You never thought you'd see me say that about anything, eh? It's hardly perfect, but (especially by the generally gruesome standards of Poe-related fiction) it's not terrible, either. (Although I must say that I found myself quite fascinated by the fact that Ms. Hart must be--how can I best put it?--a great admirer of Cothburn O'Neal's earlier novel "The Very Young Mrs. Poe." Seriously, I wish someone would read both books back-to-back and tell me if I'm wrong.)
That aside, with James Spada's recent "Days When My Heart Was Volcanic," this means that two good Poe biographical novels have been published within the past year. By my count, that's precisely two more than have appeared this entire past century. And, interestingly, in both cases, Virginia--very atypically for Poe literature--is the heroine.I find this little short of miraculous.
If in 2011, someone writes a rational Poe biography, all of you may as well call an undertaker, because that could only mean that I've died and gone straight to Heaven.
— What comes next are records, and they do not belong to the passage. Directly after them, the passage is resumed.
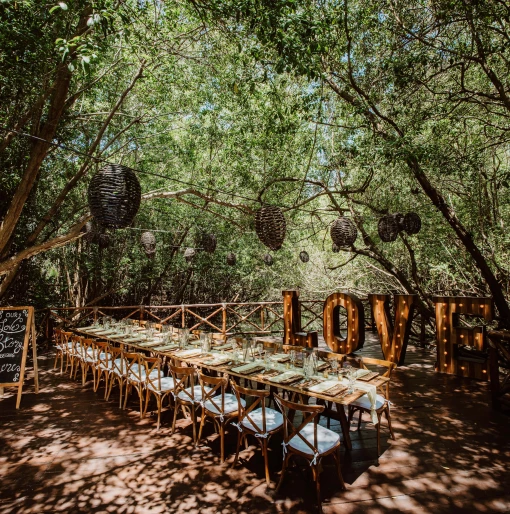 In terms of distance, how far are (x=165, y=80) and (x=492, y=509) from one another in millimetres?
6761

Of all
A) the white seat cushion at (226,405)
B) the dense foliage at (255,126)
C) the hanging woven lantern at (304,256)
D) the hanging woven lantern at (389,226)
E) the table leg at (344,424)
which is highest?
the dense foliage at (255,126)

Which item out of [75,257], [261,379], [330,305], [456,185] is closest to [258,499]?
[261,379]

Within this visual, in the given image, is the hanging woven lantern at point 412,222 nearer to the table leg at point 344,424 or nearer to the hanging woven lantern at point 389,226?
the hanging woven lantern at point 389,226

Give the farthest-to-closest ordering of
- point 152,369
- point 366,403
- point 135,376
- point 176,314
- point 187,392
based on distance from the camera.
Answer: point 176,314 → point 135,376 → point 152,369 → point 187,392 → point 366,403

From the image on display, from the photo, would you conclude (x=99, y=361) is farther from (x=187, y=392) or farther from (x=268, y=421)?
(x=268, y=421)

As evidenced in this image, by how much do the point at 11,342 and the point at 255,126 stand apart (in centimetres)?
549

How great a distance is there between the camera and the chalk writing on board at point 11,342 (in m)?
4.68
(Obligatory note: I bought both these books on my own. No freebies. That does not mean, of course, that I'm not open to bribes, but, alas, who finds my opinions worth purchasing?)
An update: Since I wrote the above, I've dug out my copy of O'Neal's novel--which I hadn't read in some time, as it really isn't very good--and did a close side-by-side analysis with "Raven's Bride." I really wish anyone with an interest in either novel would do the same. I had thought Hart's novel was very reminiscent of this earlier work, but directly comparing the two is pretty amazing. I can honestly say that I've never seen two novels this similar.We may have to start a new Longfellow War here, folks.